The researchers chose to benchmark facial recognition APIs from Microsoft and Amazon because both companies offer services to recognize celebrity faces. The APIs return a face similarity scoring metric that makes it possible to compare their performance. And because celebrity face images are plentiful compared with those of the average person, the researchers were able to generate deepfakes from them relatively easily. Google offers celebrity recognition via its Cloud Vision API, but the researchers say the company denied their formal request to use it.

To see the extent to which commercial facial recognition APIs could be fooled by deepfakes, the researchers used AI models trained on five different datasets -- three publically available and two that they created themselves -- containing the faces of Hollywood movie stars, singers, athletes, and politicians. They created 8,119 deepfakes from the datasets in total. Then they extracted faces in the deepfakes' video frames and had the services attempt to predict which celebrity was pictured.
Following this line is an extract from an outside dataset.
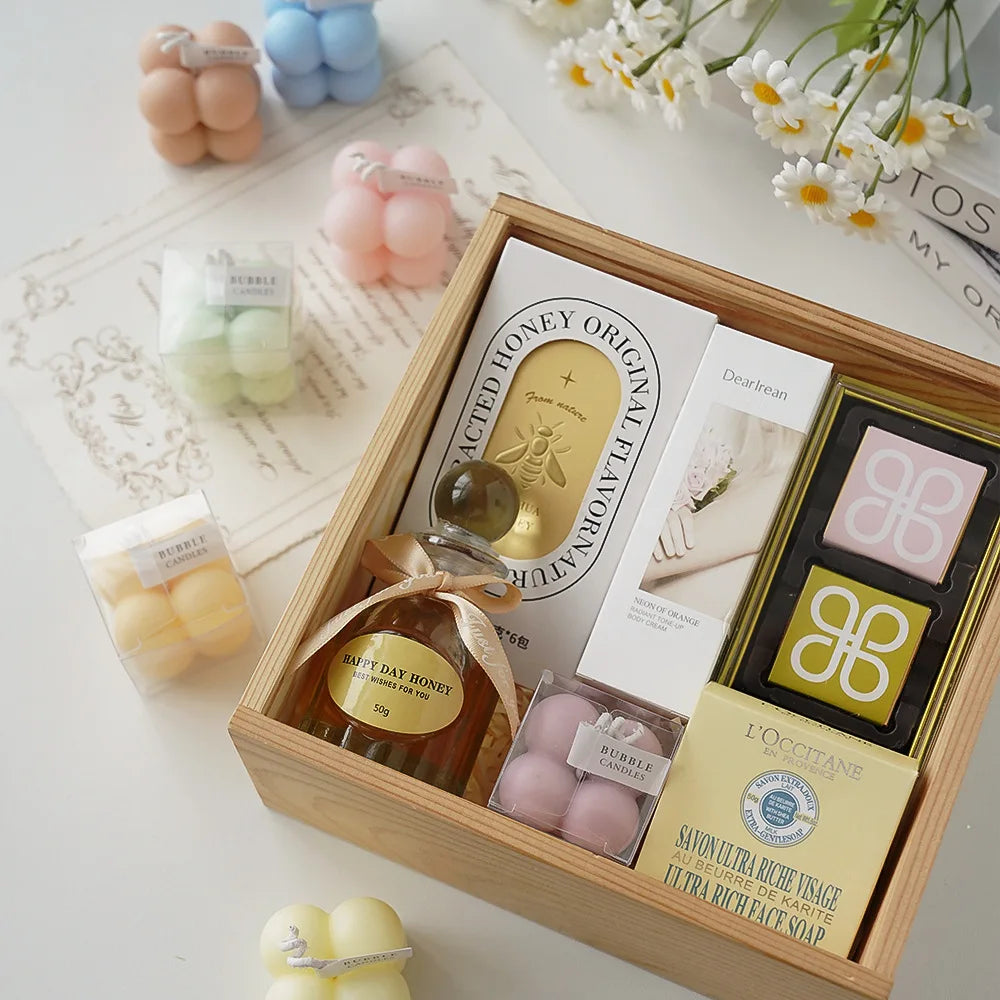 small handmade scented soy wax cube candle - vue 4 sur 17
The researchers found that all of the APIs were susceptible to being fooled by the deepfakes. Azure Cognitive Services mistook a deepfake for a target celebrity 78% of the time, while Amazon's Rekognition mistook it 68.7% of the time. Rekognition misclassified deepfakes of a celebrity as another real celebrity 40% of the time and gave 902 out of of 3,200 deepfakes higher confidence scores than the same celebrity's real image. And in an experiment with Azure Cognitive Services, the researchers successfully impersonated 94 out of 100 celebrities in one of the open source datasets.

The coauthors attribute the high success rate of their attacks to the fact that deepfakes tend to preserve the same identity as the target video. As a result, when the Microsoft and Amazon services made mistakes, they tended to do so with high confidence, with Amazon's exhibiting a "considerably" higher susceptibility to being fooled by deepfakes.
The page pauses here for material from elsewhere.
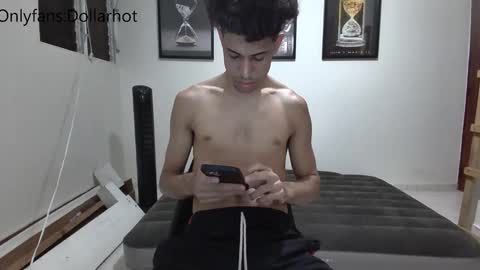 DollarHot30 online show from March 2025 03:43:02 AM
"Assuming the underlying face recognition API cannot distinguish the deepfake impersonator from the genuine user, it can cause many privacy, security, and repudiation risks, as well as numerous fraud cases," the researchers warn. "Voice and video deepfake technologies can be combined to create multimodal deepfakes and used to carry out more powerful and realistic phishing attacks ... [And] if the commercial APIs fail to filter the deepfakes on social media, it will allow the propagation of false information and harm innocent individuals."

Microsoft and Amazon declined to comment.

The study's findings show that the fight against deepfakes is likely to remain challenging, especially as media generation techniques continue to improve. Just this week, deepfake footage of Tom Cruise posted to an unverified TikTok account racked up 11 million views on the app and millions more on other platforms. And when scanned through several of the best publicly available deepfake detection tools, they avoided discovery, according to Vice.

In an attempt to fight the spread of deepfakes, Facebook -- along with Amazon and Microsoft, among others -- spearheaded the Deepfake Detection Challenge, which ended last June. The challenge's launch came after the release of a large corpus of visual deepfakes produced in collaboration with Jigsaw, Google's internal technology incubator, which was incorporated into a benchmark made freely available to researchers for synthetic video detection system development.

More recently, Microsoft launched its own deepfake-combating solution in Video Authenticator, a tool that can analyze a still photo or video to provide a score for its level of confidence that the media hasn't been artificially manipulated. The company also developed a technology built into Microsoft Azure that enables a content producer to add metadata to a piece of content, as well as a reader that checks the metadata to let people know that the content is authentic.

"We expect that methods for generating synthetic media will continue to grow in sophistication. As all AI detection methods have rates of failure, we have to understand and be ready to respond to deepfakes that slip through detection methods," Microsoft CVP of customer security and trust Tom Burt wrote in a blog post last September. "Thus, in the longer term, we must seek stronger methods for maintaining and certifying the authenticity of news articles and other media."